-- Opening Marker --

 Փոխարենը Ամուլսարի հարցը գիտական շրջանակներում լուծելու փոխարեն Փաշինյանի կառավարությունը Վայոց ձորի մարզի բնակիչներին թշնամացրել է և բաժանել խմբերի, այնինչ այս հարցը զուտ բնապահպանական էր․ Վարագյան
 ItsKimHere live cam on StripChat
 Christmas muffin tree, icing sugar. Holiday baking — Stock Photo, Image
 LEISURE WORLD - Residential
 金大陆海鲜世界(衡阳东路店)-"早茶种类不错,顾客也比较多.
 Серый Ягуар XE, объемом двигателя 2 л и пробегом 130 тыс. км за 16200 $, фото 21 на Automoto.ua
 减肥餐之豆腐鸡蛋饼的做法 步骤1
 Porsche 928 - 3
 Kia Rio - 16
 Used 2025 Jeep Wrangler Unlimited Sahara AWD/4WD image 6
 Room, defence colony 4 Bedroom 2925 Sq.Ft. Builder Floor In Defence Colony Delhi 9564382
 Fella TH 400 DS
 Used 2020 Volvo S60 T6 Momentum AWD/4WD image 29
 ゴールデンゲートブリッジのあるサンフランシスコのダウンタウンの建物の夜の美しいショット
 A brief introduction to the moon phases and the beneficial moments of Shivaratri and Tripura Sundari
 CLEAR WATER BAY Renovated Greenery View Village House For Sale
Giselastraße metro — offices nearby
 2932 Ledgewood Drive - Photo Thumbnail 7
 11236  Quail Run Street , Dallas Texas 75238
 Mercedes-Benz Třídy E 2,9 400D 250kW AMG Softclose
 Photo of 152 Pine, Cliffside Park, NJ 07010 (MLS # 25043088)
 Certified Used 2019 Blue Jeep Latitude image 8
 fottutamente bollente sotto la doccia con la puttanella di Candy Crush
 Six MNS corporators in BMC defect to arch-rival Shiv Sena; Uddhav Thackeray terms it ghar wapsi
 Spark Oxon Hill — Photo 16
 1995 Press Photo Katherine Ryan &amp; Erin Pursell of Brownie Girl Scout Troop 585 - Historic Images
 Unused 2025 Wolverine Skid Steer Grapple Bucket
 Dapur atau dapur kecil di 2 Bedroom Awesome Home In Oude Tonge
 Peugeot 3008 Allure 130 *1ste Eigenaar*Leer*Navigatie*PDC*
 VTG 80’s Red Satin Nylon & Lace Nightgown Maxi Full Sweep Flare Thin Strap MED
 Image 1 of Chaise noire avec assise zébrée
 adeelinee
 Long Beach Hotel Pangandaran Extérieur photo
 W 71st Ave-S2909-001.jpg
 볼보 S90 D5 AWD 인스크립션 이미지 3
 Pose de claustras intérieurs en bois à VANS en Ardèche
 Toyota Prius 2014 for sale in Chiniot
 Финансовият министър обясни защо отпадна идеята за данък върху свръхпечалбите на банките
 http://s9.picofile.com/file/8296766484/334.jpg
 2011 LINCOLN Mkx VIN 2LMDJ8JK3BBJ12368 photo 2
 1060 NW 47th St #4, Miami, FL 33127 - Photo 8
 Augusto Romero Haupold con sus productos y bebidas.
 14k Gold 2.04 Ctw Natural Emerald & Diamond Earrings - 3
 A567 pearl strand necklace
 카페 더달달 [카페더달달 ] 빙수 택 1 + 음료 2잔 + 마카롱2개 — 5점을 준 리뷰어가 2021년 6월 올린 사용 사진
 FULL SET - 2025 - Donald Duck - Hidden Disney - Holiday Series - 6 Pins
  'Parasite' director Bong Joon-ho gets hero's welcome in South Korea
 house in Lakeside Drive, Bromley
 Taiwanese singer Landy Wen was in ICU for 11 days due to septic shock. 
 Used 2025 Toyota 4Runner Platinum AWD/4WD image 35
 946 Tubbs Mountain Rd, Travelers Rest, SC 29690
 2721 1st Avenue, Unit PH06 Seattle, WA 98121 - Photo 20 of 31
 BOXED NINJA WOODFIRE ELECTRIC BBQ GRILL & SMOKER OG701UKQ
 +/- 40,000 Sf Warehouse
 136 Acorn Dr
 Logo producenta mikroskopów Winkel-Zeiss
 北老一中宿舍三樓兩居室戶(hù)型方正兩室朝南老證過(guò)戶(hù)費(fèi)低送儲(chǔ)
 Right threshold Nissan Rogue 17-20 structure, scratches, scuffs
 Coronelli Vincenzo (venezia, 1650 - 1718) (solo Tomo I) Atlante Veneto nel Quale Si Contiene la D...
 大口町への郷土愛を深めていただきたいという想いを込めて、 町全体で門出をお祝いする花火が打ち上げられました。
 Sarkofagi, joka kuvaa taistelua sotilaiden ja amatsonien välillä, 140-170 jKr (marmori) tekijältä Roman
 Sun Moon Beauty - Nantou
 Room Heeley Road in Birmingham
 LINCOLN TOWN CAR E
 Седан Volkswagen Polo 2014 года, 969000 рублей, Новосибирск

-- Closing Marker --

WHAT YOU WILL DO
From the first line of the listing above through the line that contains "2932 Ledgewood Drive - Photo Thumbnail 7", set down each line without alteration, and nothing else.

RESPONSE AREA
 Փոխարենը Ամուլսարի հարցը գիտական շրջանակներում լուծելու փոխարեն Փաշինյանի կառավարությունը Վայոց ձորի մարզի բնակիչներին թշնամացրել է և բաժանել խմբերի, այնինչ այս հարցը զուտ բնապահպանական էր․ Վարագյան
 ItsKimHere live cam on StripChat
 Christmas muffin tree, icing sugar. Holiday baking — Stock Photo, Image
 LEISURE WORLD - Residential
 金大陆海鲜世界(衡阳东路店)-"早茶种类不错,顾客也比较多.
 Серый Ягуар XE, объемом двигателя 2 л и пробегом 130 тыс. км за 16200 $, фото 21 на Automoto.ua
 减肥餐之豆腐鸡蛋饼的做法 步骤1
 Porsche 928 - 3
 Kia Rio - 16
 Used 2025 Jeep Wrangler Unlimited Sahara AWD/4WD image 6
 Room, defence colony 4 Bedroom 2925 Sq.Ft. Builder Floor In Defence Colony Delhi 9564382
 Fella TH 400 DS
 Used 2020 Volvo S60 T6 Momentum AWD/4WD image 29
 ゴールデンゲートブリッジのあるサンフランシスコのダウンタウンの建物の夜の美しいショット
 A brief introduction to the moon phases and the beneficial moments of Shivaratri and Tripura Sundari
 CLEAR WATER BAY Renovated Greenery View Village House For Sale
Giselastraße metro — offices nearby
 2932 Ledgewood Drive - Photo Thumbnail 7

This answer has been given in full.